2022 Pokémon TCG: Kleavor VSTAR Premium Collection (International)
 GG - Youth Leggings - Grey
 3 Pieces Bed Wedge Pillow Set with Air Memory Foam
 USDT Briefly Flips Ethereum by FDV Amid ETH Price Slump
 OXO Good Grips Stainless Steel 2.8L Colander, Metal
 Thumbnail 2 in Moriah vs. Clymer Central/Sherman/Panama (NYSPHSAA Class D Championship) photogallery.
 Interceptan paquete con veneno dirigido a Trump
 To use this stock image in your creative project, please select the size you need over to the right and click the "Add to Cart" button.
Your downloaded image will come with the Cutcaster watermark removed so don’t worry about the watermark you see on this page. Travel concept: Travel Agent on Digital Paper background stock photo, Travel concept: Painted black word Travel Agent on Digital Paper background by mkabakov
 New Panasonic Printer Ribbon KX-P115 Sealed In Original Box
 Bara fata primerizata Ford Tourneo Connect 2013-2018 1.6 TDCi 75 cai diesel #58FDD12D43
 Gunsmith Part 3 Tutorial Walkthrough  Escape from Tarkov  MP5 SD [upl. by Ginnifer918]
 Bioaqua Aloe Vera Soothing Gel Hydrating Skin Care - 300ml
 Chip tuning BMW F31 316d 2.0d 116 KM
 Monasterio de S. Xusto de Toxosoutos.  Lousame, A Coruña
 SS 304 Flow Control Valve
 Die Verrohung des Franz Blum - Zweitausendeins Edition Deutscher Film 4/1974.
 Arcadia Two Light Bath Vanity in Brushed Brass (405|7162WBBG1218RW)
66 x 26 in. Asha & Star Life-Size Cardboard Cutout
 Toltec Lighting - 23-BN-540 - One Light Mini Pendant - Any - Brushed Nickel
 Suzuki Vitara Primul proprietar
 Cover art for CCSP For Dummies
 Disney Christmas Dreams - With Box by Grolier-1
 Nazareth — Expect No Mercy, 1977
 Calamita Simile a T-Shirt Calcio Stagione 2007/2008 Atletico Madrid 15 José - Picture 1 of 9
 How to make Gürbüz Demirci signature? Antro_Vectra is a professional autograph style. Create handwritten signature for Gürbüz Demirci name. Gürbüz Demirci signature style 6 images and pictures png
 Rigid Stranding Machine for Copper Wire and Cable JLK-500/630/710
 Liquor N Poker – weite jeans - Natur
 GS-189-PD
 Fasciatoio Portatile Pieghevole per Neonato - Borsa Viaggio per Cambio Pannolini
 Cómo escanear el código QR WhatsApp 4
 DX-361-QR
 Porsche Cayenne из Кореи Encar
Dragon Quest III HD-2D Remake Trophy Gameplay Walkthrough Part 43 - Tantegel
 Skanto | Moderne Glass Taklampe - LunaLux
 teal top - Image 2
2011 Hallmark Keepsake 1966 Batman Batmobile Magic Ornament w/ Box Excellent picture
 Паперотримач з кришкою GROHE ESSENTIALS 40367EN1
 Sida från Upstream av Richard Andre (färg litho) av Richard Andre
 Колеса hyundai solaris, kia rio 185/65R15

**Problem to work on**
The records above must be printed again in full, exactly as written.

**Your response**
2022 Pokémon TCG: Kleavor VSTAR Premium Collection (International)
 GG - Youth Leggings - Grey
 3 Pieces Bed Wedge Pillow Set with Air Memory Foam
 USDT Briefly Flips Ethereum by FDV Amid ETH Price Slump
 OXO Good Grips Stainless Steel 2.8L Colander, Metal
 Thumbnail 2 in Moriah vs. Clymer Central/Sherman/Panama (NYSPHSAA Class D Championship) photogallery.
 Interceptan paquete con veneno dirigido a Trump
 To use this stock image in your creative project, please select the size you need over to the right and click the "Add to Cart" button.
Your downloaded image will come with the Cutcaster watermark removed so don’t worry about the watermark you see on this page. Travel concept: Travel Agent on Digital Paper background stock photo, Travel concept: Painted black word Travel Agent on Digital Paper background by mkabakov
 New Panasonic Printer Ribbon KX-P115 Sealed In Original Box
 Bara fata primerizata Ford Tourneo Connect 2013-2018 1.6 TDCi 75 cai diesel #58FDD12D43
 Gunsmith Part 3 Tutorial Walkthrough  Escape from Tarkov  MP5 SD [upl. by Ginnifer918]
 Bioaqua Aloe Vera Soothing Gel Hydrating Skin Care - 300ml
 Chip tuning BMW F31 316d 2.0d 116 KM
 Monasterio de S. Xusto de Toxosoutos.  Lousame, A Coruña
 SS 304 Flow Control Valve
 Die Verrohung des Franz Blum - Zweitausendeins Edition Deutscher Film 4/1974.
 Arcadia Two Light Bath Vanity in Brushed Brass (405|7162WBBG1218RW)
66 x 26 in. Asha & Star Life-Size Cardboard Cutout
 Toltec Lighting - 23-BN-540 - One Light Mini Pendant - Any - Brushed Nickel
 Suzuki Vitara Primul proprietar
 Cover art for CCSP For Dummies
 Disney Christmas Dreams - With Box by Grolier-1
 Nazareth — Expect No Mercy, 1977
 Calamita Simile a T-Shirt Calcio Stagione 2007/2008 Atletico Madrid 15 José - Picture 1 of 9
 How to make Gürbüz Demirci signature? Antro_Vectra is a professional autograph style. Create handwritten signature for Gürbüz Demirci name. Gürbüz Demirci signature style 6 images and pictures png
 Rigid Stranding Machine for Copper Wire and Cable JLK-500/630/710
 Liquor N Poker – weite jeans - Natur
 GS-189-PD
 Fasciatoio Portatile Pieghevole per Neonato - Borsa Viaggio per Cambio Pannolini
 Cómo escanear el código QR WhatsApp 4
 DX-361-QR
 Porsche Cayenne из Кореи Encar
Dragon Quest III HD-2D Remake Trophy Gameplay Walkthrough Part 43 - Tantegel
 Skanto | Moderne Glass Taklampe - LunaLux
 teal top - Image 2
2011 Hallmark Keepsake 1966 Batman Batmobile Magic Ornament w/ Box Excellent picture
 Паперотримач з кришкою GROHE ESSENTIALS 40367EN1
 Sida från Upstream av Richard Andre (färg litho) av Richard Andre
 Колеса hyundai solaris, kia rio 185/65R15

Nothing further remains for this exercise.